Ho terminato il lavoro di post produzione delle foto dell’India.. circa un mese di lavoro. E pensavo a come delle oltre mille foto scattate ne fossero sopravvissute poco meno della metà. Molti scatti non avranno piu vita, o meglio.. .l’hanno avuta per il tempo che sono rimasti li a decantare…. poi sono finiti nel cestino (o in un archivio del “tutto e niente”).
Quando ritorno da un viaggio, lascio il materiale “fermo” alcuni giorni, dedicandosi solo ad un primo backup… mi serve per ripulire la mente.. poi li lavoro.. e poi li lascio ancora li un po ad invecchiare come il buon vino.. e poi decido la loro sorte.
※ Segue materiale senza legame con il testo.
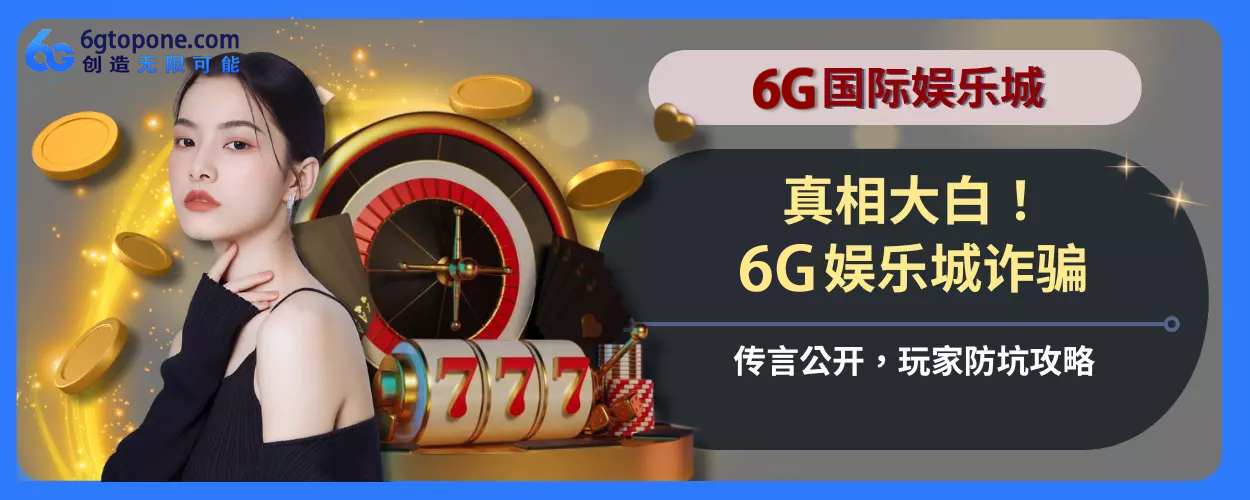 真相大白！ 6g娱乐城诈骗传言公开，玩家防坑玩法指引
Sembra un concorso… dei rimasti alcuni saranno tenuti in una cartella dedicata a quelli molto buoni, gli altri in una cartella di sopravvissuti in cui avranno poca gloria.
La cosa strana è che a volte, a posteriori, mi accordo di avere sbagliato la scelta dei gloriosi: mi capita di rientrare nella cartella dei sopravvissuti e trovo del materiale buono e mi chiedo perché quello scatto non avesse fatto carriera nel mio computer.
A volte gli scatti hanno un tempo in cui si realizzano, come se lievitassero. Ho migliaia di foto sopravvissute e chissà quante potrebbero fare il salto. Stanno li.. sono file.. non li apro da tempo, non li vedo.. eppure potrebbe esserci qualcosa di buone potenzialità. Sono come le persone: qualcuno decide chi è meglio e chi è peggio, chi va cancellato e chi va salvato.
E poi, un’ultima considerazione: perché cambia la considerazione che ho di loro? perché un giorno uno scatto da buono diventa cattivo o viceversa? Il tempo cancella la memoria di quel certo scatto e cosi escono meglio pregi e difetti, depurati dall’aspetto più emotivo e di memoria, che a questo punto, offusca il giudizio.
Cosi, paradossalmente, penso che le fotografia siano più simili alle persone di quanto immaginassi.